■ Listed entries:
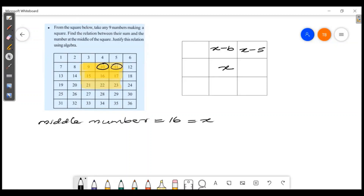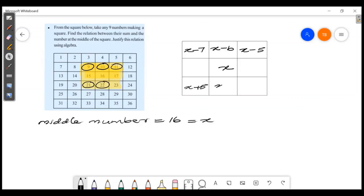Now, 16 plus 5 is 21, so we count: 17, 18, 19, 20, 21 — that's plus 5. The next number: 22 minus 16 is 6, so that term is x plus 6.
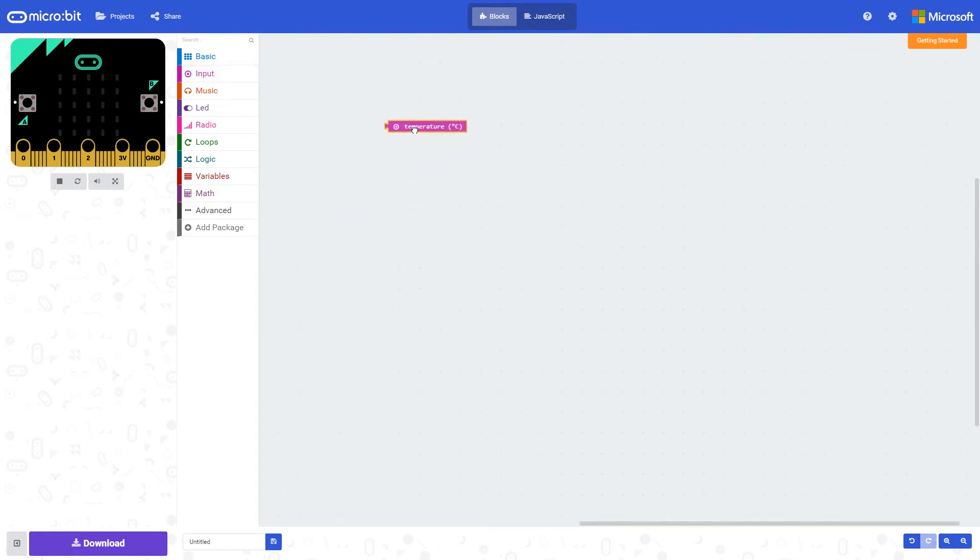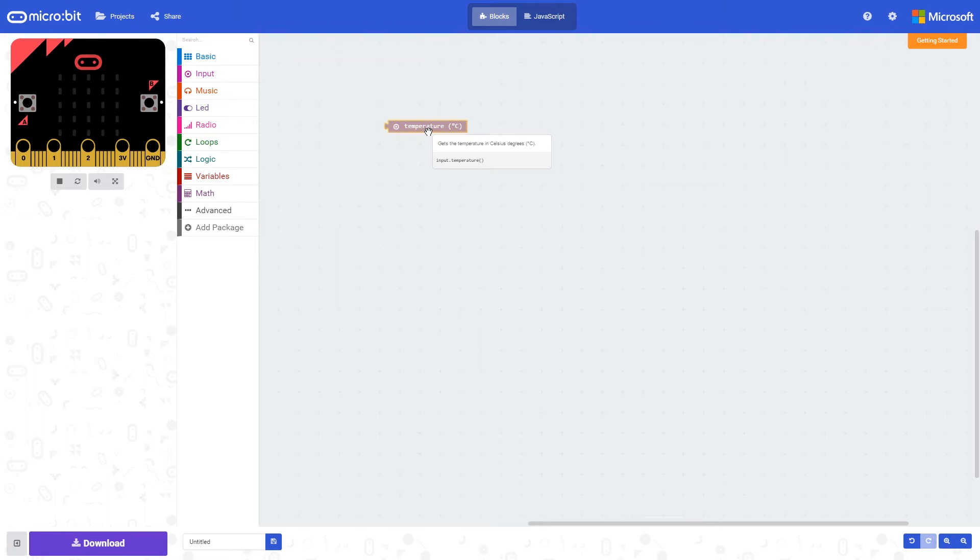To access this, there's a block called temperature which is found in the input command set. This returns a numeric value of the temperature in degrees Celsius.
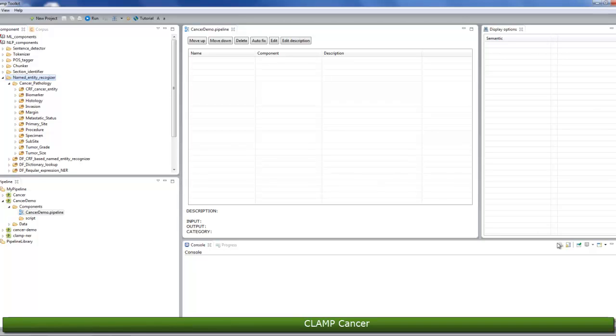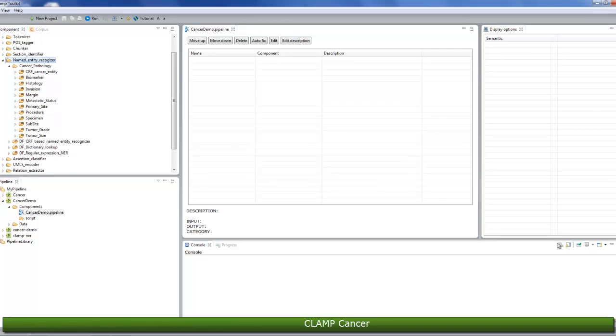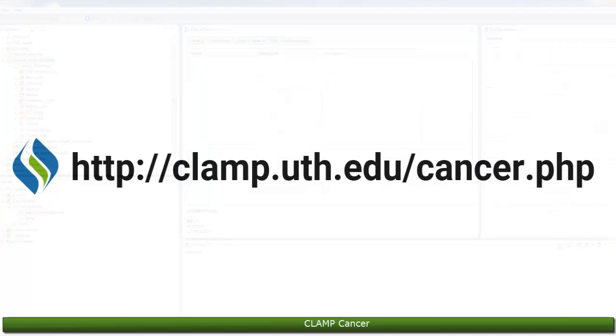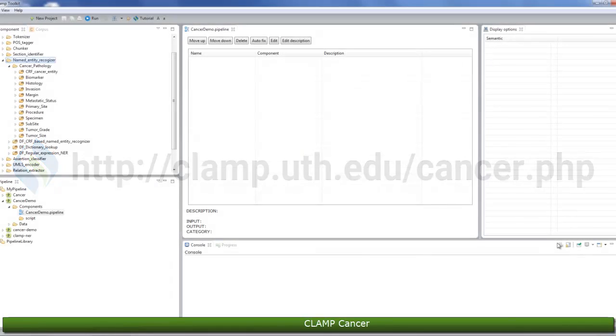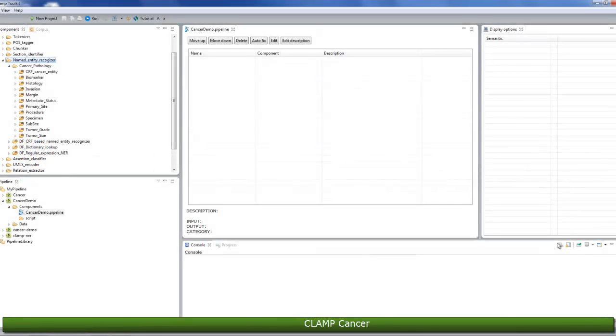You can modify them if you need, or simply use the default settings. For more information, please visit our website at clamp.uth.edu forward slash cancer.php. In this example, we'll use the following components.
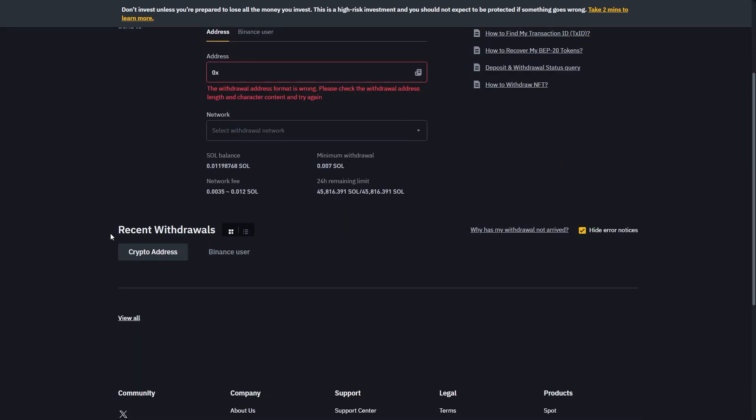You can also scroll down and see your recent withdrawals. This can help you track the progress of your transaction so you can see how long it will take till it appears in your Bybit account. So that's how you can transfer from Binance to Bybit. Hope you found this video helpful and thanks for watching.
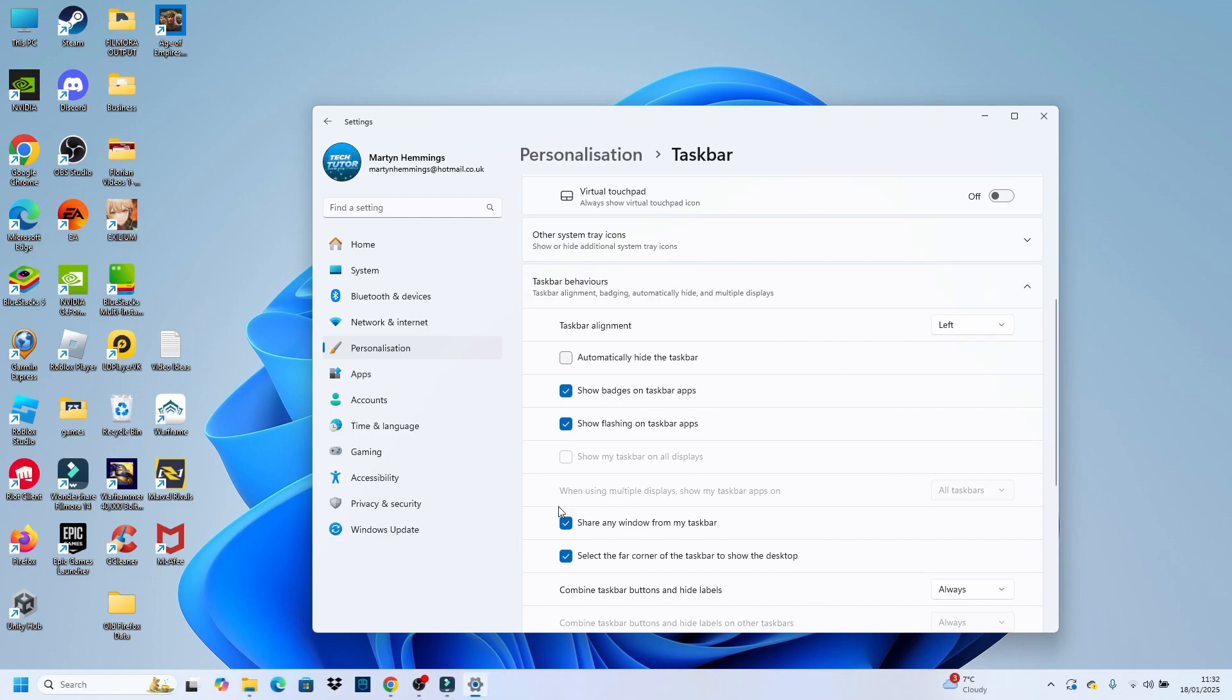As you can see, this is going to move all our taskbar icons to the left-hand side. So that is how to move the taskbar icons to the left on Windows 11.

--

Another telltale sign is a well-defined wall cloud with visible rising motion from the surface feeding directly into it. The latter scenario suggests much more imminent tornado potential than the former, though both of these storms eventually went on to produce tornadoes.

■ Activity: Retype, exactly and with no pictures, everything above from the line with "You can also" down to the line with "As you can see, this", both included.

■ Task response:
You can also scroll down and see your recent withdrawals. This can help you track the progress of your transaction so you can see how long it will take till it appears in your Bybit account. So that's how you can transfer from Binance to Bybit. Hope you found this video helpful and thanks for watching.
As you can see, this is going to move all our taskbar icons to the left-hand side. So that is how to move the taskbar icons to the left on Windows 11.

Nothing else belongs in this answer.